== Records shown

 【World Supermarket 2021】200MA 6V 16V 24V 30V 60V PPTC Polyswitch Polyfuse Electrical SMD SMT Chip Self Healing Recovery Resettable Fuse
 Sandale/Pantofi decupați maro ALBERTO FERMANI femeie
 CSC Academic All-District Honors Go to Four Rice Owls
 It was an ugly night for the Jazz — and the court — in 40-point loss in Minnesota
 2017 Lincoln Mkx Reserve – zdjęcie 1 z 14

====

### Task prompt:
Type out the whole of the data again, exactly as shown.

### Result for this exercise:
 【World Supermarket 2021】200MA 6V 16V 24V 30V 60V PPTC Polyswitch Polyfuse Electrical SMD SMT Chip Self Healing Recovery Resettable Fuse
 Sandale/Pantofi decupați maro ALBERTO FERMANI femeie
 CSC Academic All-District Honors Go to Four Rice Owls
 It was an ugly night for the Jazz — and the court — in 40-point loss in Minnesota
 2017 Lincoln Mkx Reserve – zdjęcie 1 z 14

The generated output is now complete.